▶ [Problem]
Keep every word of the listing and drop the images when you write it out.

▶ [Extracted records]
#####
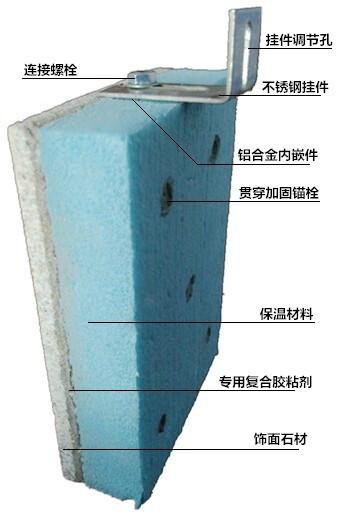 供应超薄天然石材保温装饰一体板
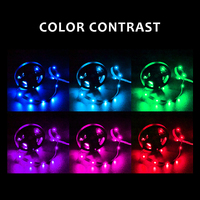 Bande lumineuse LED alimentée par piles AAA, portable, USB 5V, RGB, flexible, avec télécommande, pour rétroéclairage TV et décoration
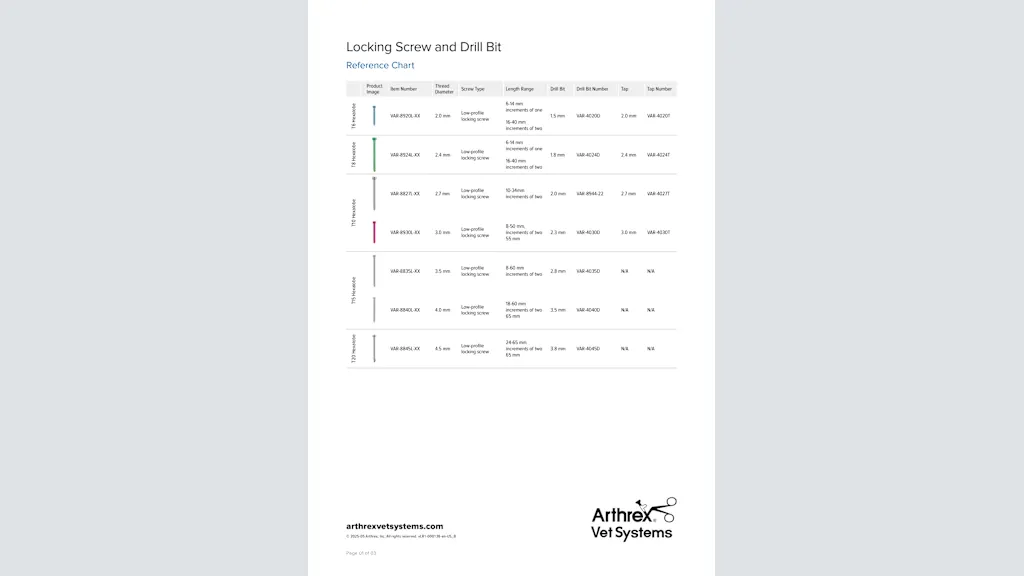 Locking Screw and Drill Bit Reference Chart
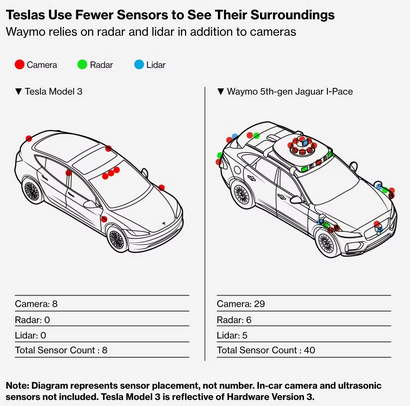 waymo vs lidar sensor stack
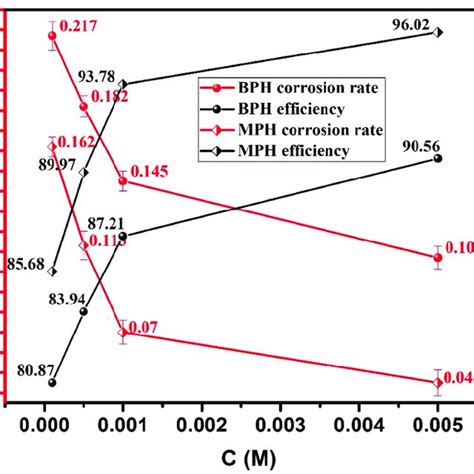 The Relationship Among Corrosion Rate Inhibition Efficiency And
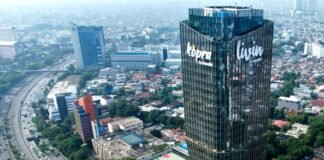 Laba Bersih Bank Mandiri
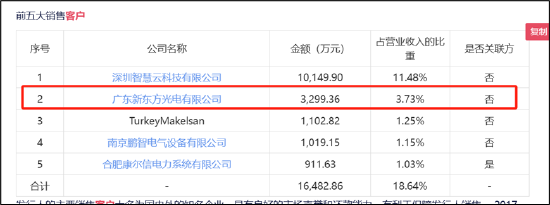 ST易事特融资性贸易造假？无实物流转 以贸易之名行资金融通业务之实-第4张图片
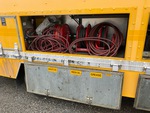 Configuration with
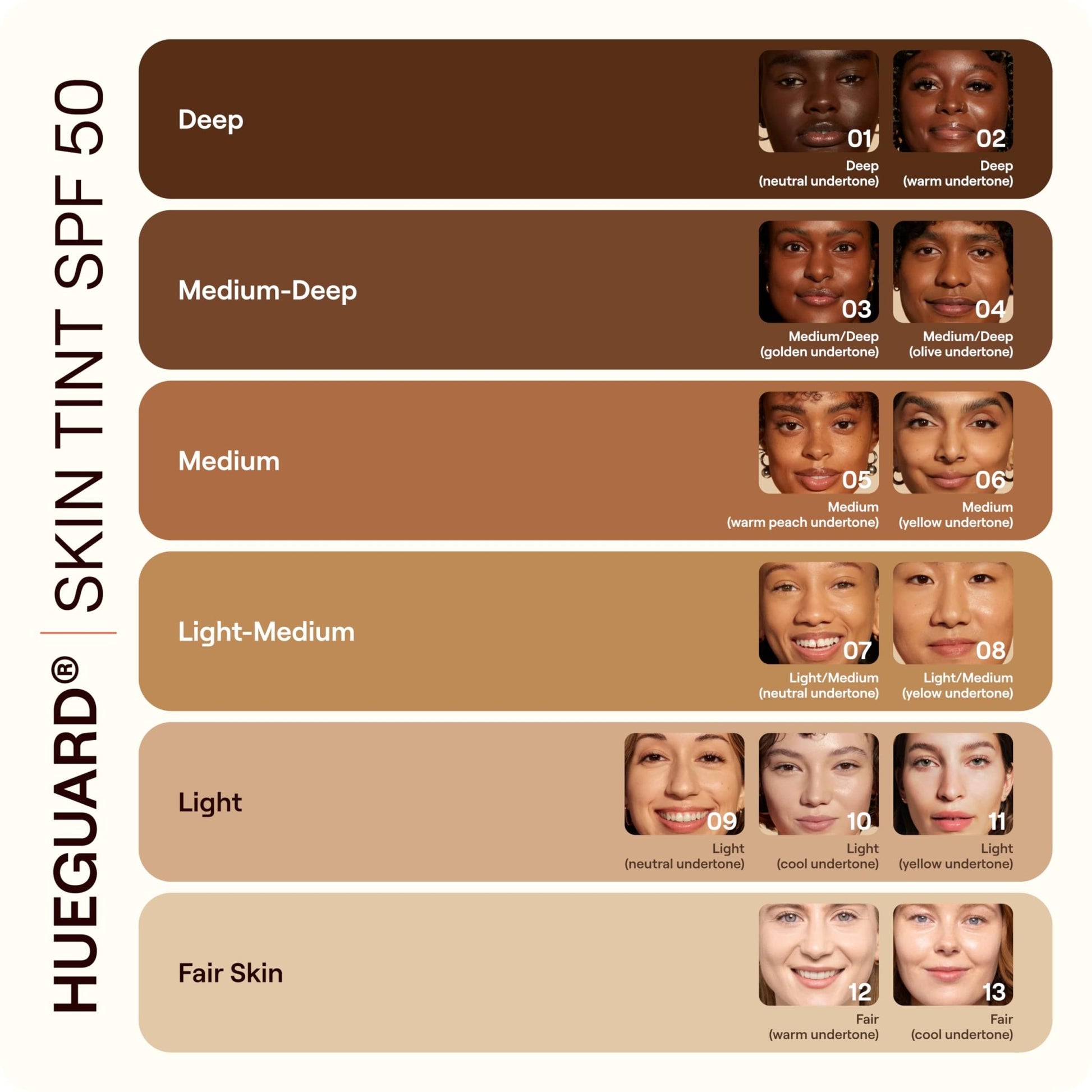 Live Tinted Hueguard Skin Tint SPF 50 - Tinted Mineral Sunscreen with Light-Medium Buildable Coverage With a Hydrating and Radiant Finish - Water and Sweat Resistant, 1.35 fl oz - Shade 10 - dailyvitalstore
#####
▶ [Task answer]
 供应超薄天然石材保温装饰一体板
 Bande lumineuse LED alimentée par piles AAA, portable, USB 5V, RGB, flexible, avec télécommande, pour rétroéclairage TV et décoration
 Locking Screw and Drill Bit Reference Chart
 waymo vs lidar sensor stack
 The Relationship Among Corrosion Rate Inhibition Efficiency And
 Laba Bersih Bank Mandiri
 ST易事特融资性贸易造假？无实物流转 以贸易之名行资金融通业务之实-第4张图片
 Configuration with
 Live Tinted Hueguard Skin Tint SPF 50 - Tinted Mineral Sunscreen with Light-Medium Buildable Coverage With a Hydrating and Radiant Finish - Water and Sweat Resistant, 1.35 fl oz - Shade 10 - dailyvitalstore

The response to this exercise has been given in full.